In a bid to restore a measure of integrity to the judicial arm of government that has lately come under serious scrutiny, the National Judicial Council (NJC) last week recommended for dismissal the Presiding Justice, Court of Appeal, Ilorin Division, Justice Mohammed Ladan Tsamiya; the Chief Judge of Enugu State, Justice I. A. Umezulike and a judge of the Kano State High Court, Justice Kabiru M. Auta. The three men were found guilty of breaching the codes of conduct for judicial officers and the NJC statement was very detailed about the weighty nature of the allegations against them which reportedly were proved.

To the extent that such disciplinary action against erring judges and magistrates should be routinely carried out to salvage the bench from moral degeneracy, we commend the efforts of the NJC to put an end to judicial rascality in our country. Yet, we must also reiterate the point we have made on this page on several occasions: when our judiciary is perverted by the very people who should maintain its integrity, the inevitable outcome is bare-faced injustice and ultimately, anarchy. That is why the efforts of the NJC are in the right direction.

However, we must nonetheless express our concern about the growing number of judges who abuse their trust. According to the Chief Justice of Nigeria (CJN), Justice Mahmud Mohammed, within the last five years, no fewer than 64 out of about 1,020 judges of courts of record were penalised for unethical conducts, ranging from falsification of age to deliberate perversion of the course of justice. “While the judiciary has been in the spotlight of public scrutiny, we continue to take active steps towards sanitising the bench. Where petitions are received in respect of judicial officers, they are promptly investigated via internal procedures put in place by the National Judicial Council and where culpable, such officers are disciplined in accordance with established procedures”, the CJN said.

In the past, it was the military that was emasculating the judiciary with ouster clauses and draconian decrees. But today, those bringing shame upon the institution are the same custodians charged with maintaining its integrity and prestige. Indeed, the crisis of credibility afflicting the country’s judiciary in the last few months has taken a serious toll on the institution. Its image in the eyes of many Nigerians is now severely battered. Restoring this credibility has therefore become the task of all the relevant stakeholders.

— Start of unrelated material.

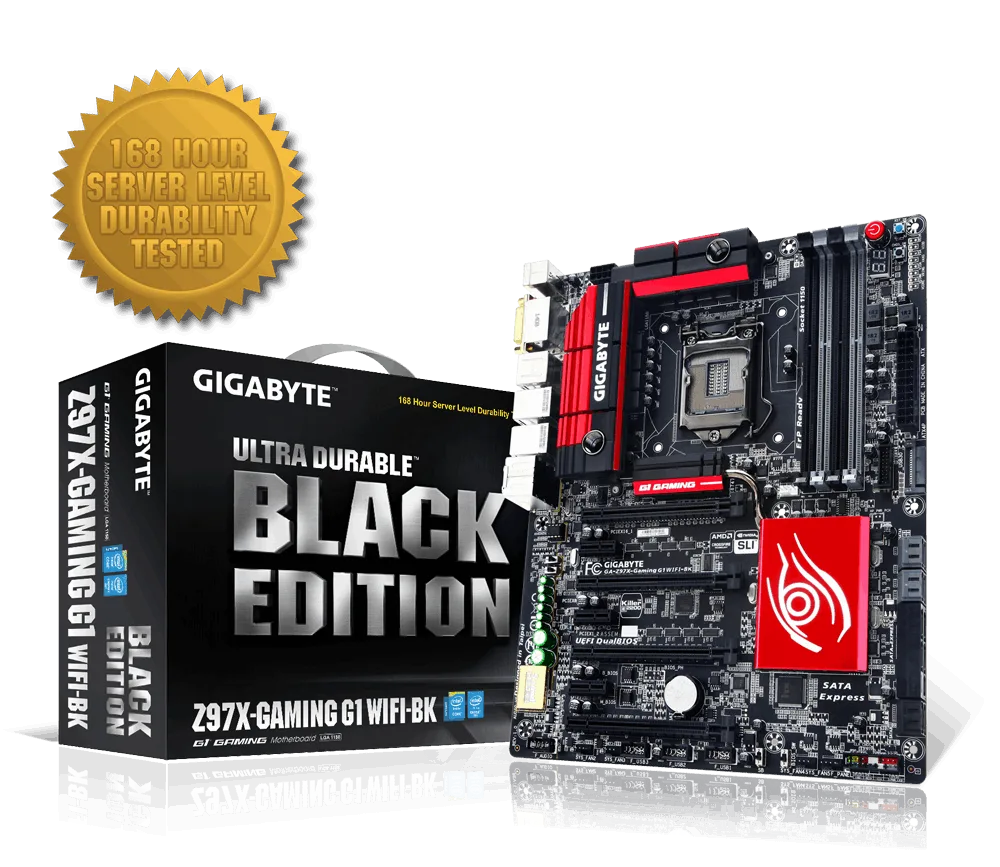 Main Gigabyte GA-Z97X-Gaming G1 WIFI-BK, Socket 1150 (GA-Z97X-Gaming G1 WIFI-BK)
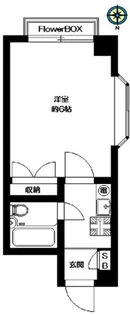 ELEGANCE豊玉【1階】の間取り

To the extent that the function of law as instrument of social engineering is made difficult by the corruption of judges, our men and women on the bench should desist from anything which robs the institution of its impartiality, fairness and independence. But while there are serious issues of corruption in the judiciary that must be dealt with, it is also obvious that cleansing the Augean Stables is beyond what the NJC alone can handle. Indeed, the CJN lamented recently that while erring judges were being weeded out, “public officials and persons, who benefit from corrupting judicial officers, are never investigated, apprehended or even prosecuted, even though the judiciary disciplines its own.”

Therefore, we urge the Nigerian Bar Association (NBA) to as well focus its searchlight on its own members many of whom facilitate bribes to judges. Court registrars who extort money from litigants and lawyers should also be exposed and brought to justice. All court staffers extorting money from litigants before rendering them administrative services due to them should be brought to justice as well. NJC should recommend to the NBA to discipline the lawyers involved in forum shopping while the Senior Advocates of Nigeria among them should be sanctioned by the Legal Practitioners Privileges Committee.